The next year we moved to Wilton and we attended a little country school. I was very shy as a child and so mostly played with my younger sister until they split our recesses, I remember how hard that was on me, but I made a few other friends. In sixth grade I tested at the 99th percentile in what was then the CTBS test, but around the same time I tested for GATE and found that I was not smart enough to get in. I thought about this and began to suspect that perhaps testing did not really tell how smart or not a person was.
For seventh grade I had to be bused in to Elk Grove one hour and fifteen minutes each way. I can honestly say that is the closest I have ever come to feeling what the cruelest torture must be like. As I said I was very shy and all the friends I had had were placed on different tracks and I wore glasses and children of that age when too little watched and directed can be very cruel. But I got all A’s and rejoiced in the days when I was picked up. I can remember one time accidentally missing the bus, and the feeling of relief that swept through me. I was sorely tempted to miss it more, but I knew it was very inconvenient for my mother to come all the way to town and get me. In eighth grade a teacher I had liked very well came up to me in the hall and said she had been talking to the other teachers and found that I was starting to be very disruptive and a trouble maker. For the life of me I could not think of a single instance that she could be referring to. That is when I realized that the teachers must gossip just as much as the students and my respect for the profession lowered dramatically. I no longer viewed them as people who had my best interest in mind, but for the most part just people with a job. The highlight of that year was a PE class where we studied self defense for six weeks, as the final we were all to walk down an ally with the other children lined up on each side and one of the boys would spring out and attack us and we were to defend ourselves. The boy secretly chosen to attack me was one who had earlier in the year pinched my behind and I had turned around and slapped. He sprang out at me rather violently and nearly ripped my shirt off exposing me to most of the class. I could not defend myself well and I remember looking up at the teacher and instead of protecting me he was standing there taking notes.
I had a foster sister move in with us at that time who was my age and very popular. We did not get along at first but after being stuck an entire summer in the country together with no way to go anywhere we became very good friends. That summer also I met a boy at EFY who had a great many friends from the Elk Grove wards-they were mostly boys, the Wilton ward was mostly girls, because of this and because of my connection to my foster sister I found myself suddenly popular. Because of seminary I no longer rode the bus in the morning. I was in honors classes receiving straight A’s going to numerous parties and dances and in general having a very different time than the previous two years.
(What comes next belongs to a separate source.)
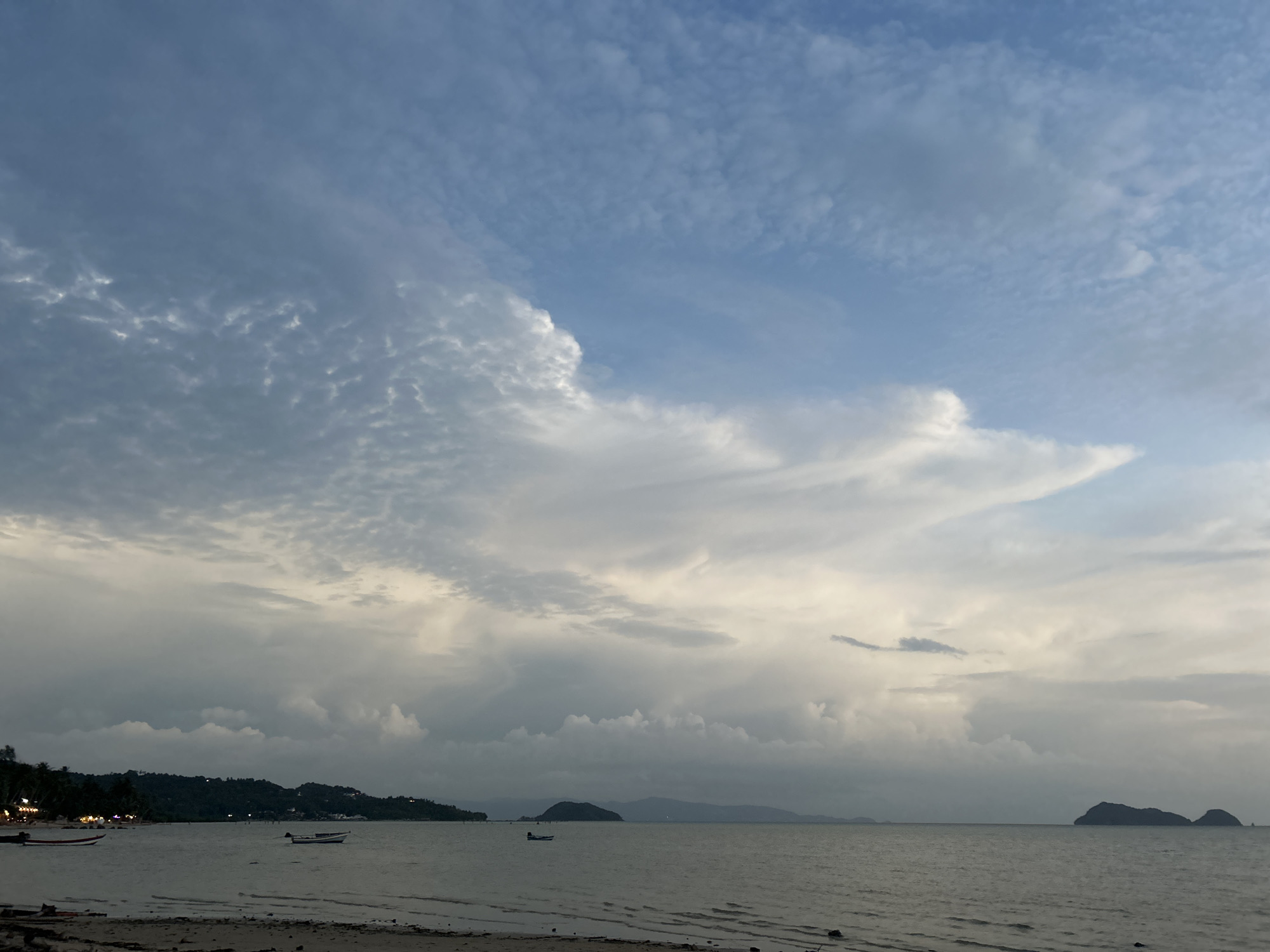 The image depicts a coastal scene at dusk or early morning in Ko Pha-ngan District, Thailand. The sky is a mix of pale blue and white clouds, with some areas appearing overcast. The sea is calm, with gentle waves lapping at the shore. In the distance, a dark, tree-covered island can be seen, with smaller islands dotting the horizon. A few small boats are anchored in the water, and some lights are visible along the coastline, suggesting a village or resort area. The beach in the foreground is sandy and appears to be mostly deserted. The overall impression is one of tranquility and natural beauty.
I went to Elk Grove High which was reported to be the best high school in the area. It is still a selling point with Realtors to say that a house is in the Elk Grove district. Yet I can remember thinking that if this was there best I’d hate to see their worst. During that year the art department decided to paint a mural on the wall of the American flag being burned. This set the cowboys in an uproar and fights broke out. I can remember one girls head getting smashed into a locker, knocking her unconscious. I took ag classes where the cowboys were. But ag was also one of the places to buy drugs. I can remember the teacher would be attempting a lecture and a backpack would fly through the air to another student, that student would take out a bag of white powder put some money in and the backpack would fly back across the room. I can remember thinking that there was no way that teacher could have missed that. But of course nothing was ever done.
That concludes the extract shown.